75-6, Wimpole Street is a Grade II listed building in the Westminster local planning authority area, England. First listed on 22 December 2005. Townhouses. 7 related planning applications.

75-6, Wimpole Street

WRENN ID
lone-slate-foxglove
Grade
II
Local Planning Authority
Westminster
Country
England
Date first listed
22 December 2005
Type
Townhouses
Source
Historic England listing

Description

1900/0/10369 WIMPOLE STREET 22-DEC-05 75-6

II Pair of townhouses, now mostly offices and flats. 1897 with minor C20 alterations. Rubbed red brick with moulded brick window arches and painted stone dressings. Eclectic Queen Anne and Flemish Renaissance style. EXTERIOR: The houses are each of four storeys with Dutch gabled attics. Entrance porches are paired to centre of the pair, these with arches on columns with elaborately carved capitals, and a short balustrade above. Each ground floor has three windows to outside of entrance, these with leaded overlights. Above this, a first floor oriel with full-height closely-spaced round-arched windows, also with leaded overlights, and moulded brick arches; a single similar window at this floor above the porch, and a continuous moulded cornice across the pair. Second and third floors have three windows each with painted aprons below. Quoins to outside and doubled to centre of the pair. Dutch gabled attics have a pair of three-light windows each and a diminutive pair below the pediment at the apex. INTERIOR: Interest includes a large amount of original joinery throughout such as moulded architraves, doors, and cornices, elliptical arched openings and lavish C18-style chimneypieces, and decorative plasterwork. Plan form is largely intact with entrance lobbies to the hall through glazed timber screens, that to No.75 with a leaded fanlight and broken apex scrolled pediment. Of particular note are the full-height open-string staircases around an open well with square-section vase-type balusters, panelled dado, arcaded screens at the landings, and with glazed lanterns over the well. Rear room of No.76 has plaster medallions with putti in the frieze. Some alterations for subdivision into flats and conversion to office use, but the original interiors are largely intact.

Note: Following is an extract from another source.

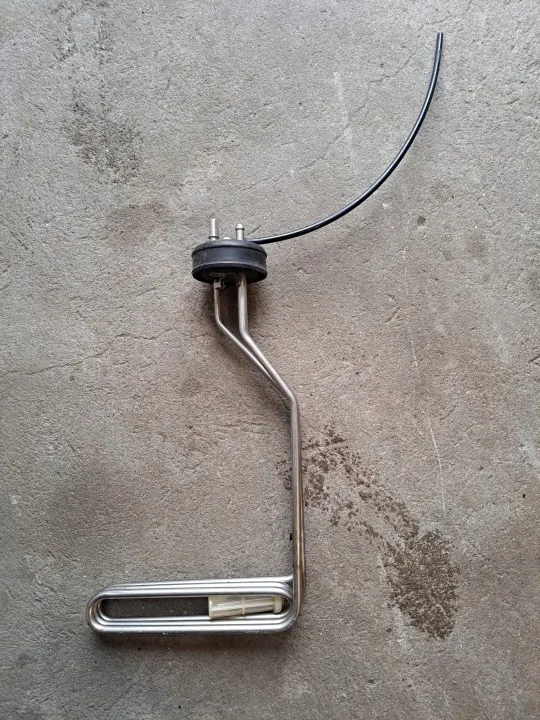Tanque AdBlue OEM VOLVO FL FE RENAULT MIDLUM DXI image 2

Listed as a pair of late-C19 townhouses that have striking facades of eclectic Queen Anne and Flemish Renaissance style and high quality materials, as well as richly fitted out interiors of the period including joinery, plasterwork, chimneypieces and impressive open-well staircases. The pair has good group value with near-by listed buildings and together forms an attractive and comprehensively well-designed ensemble of late-C19 townhouses with intact interiors.